Happiness is not polymorphous.

The word happiness is polymorphous.

Whereas happiness is just happiness.

All human motivations are ultimately traceable to two motivations - which are interrelated. The two motivations are (a) to seek happiness, and (b) to avoid suffering.

Firstly you are asking: "How can we seek happiness, when we do not know what it is?"

But we do know what happiness is. Language is imprecise, that is all. In your own signature, you have written "The map is not the territory." Similarly the word happiness is not the emotion happiness. The word is simply the word.
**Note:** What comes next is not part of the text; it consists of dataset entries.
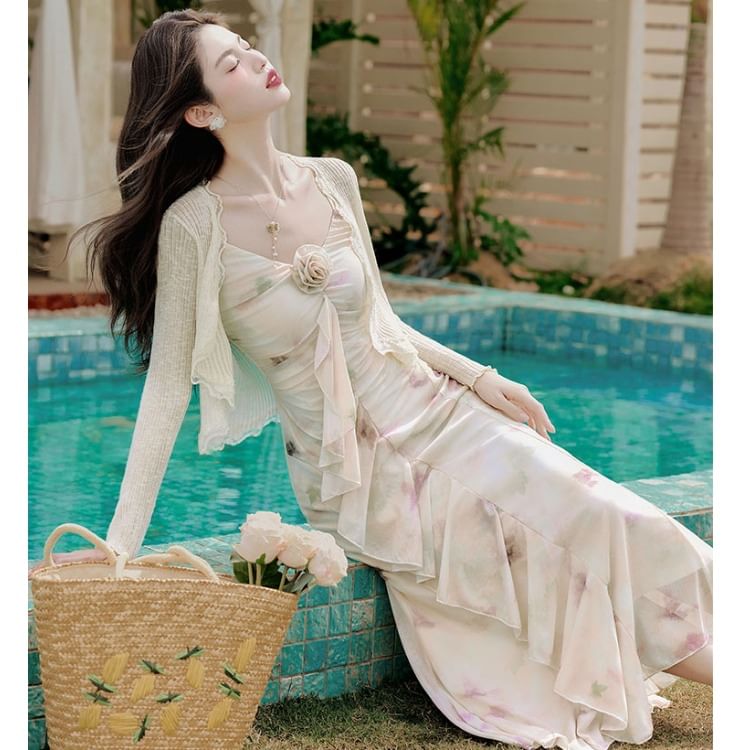 Spaghetti Strap V-Neck Tie Dye Floral Accent Ruffle Trim Ruched Maxi Mermaid Dress / Plain Lace Trim Crop Cardigan / Set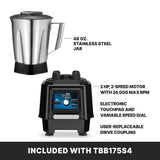 A Variable Speed Blender with a 48 oz. Stainless Steel Container sits atop a black base featuring a 2 HP, 2-speed motor at 24,000 max RPM, electronic touchpad, variable speed dial, and user-replaceable drive coupling. Included with TBB175S4.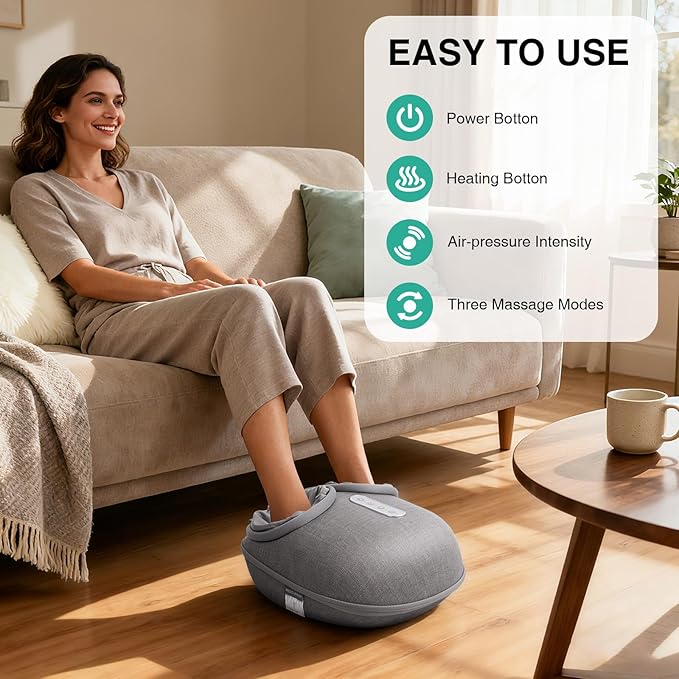 Medcursor Foot Massager with Heat - Shiatsu Deep Kneading Delivers Relief for Tired Muscles and Plantar Multi-Level Settings &amp Adjustable Intensity for Home or Office Use Gifts for Women Mom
The emotion is simply the emotion.

The word is imprecise, the emotion is not.

Secondly, you are asking, "Why should I seek happiness?". You seek a reasoned answer - you want to find your way from what is, to what ought to be.

Well, logically, there appear to be three possibilties:

(a) to seek happiness
(b) to seek non-happiness
(c) to seek neither

Between (a) and (b), the choice is obvious. However, the choice is not based on reason. The choice is based on emotion. Happiness feels better than non-happiness, therefore we seek happiness, not non-happiness.

Between (a) and (c), there is in fact no choice. When you seek neither happiness nor non-happiness, you seek nothing. You have no desire. Freed from desire, enlightenment and bliss spontaneously occur. If you like - happiness spontaneously occurs. This requires no reason. It simply is.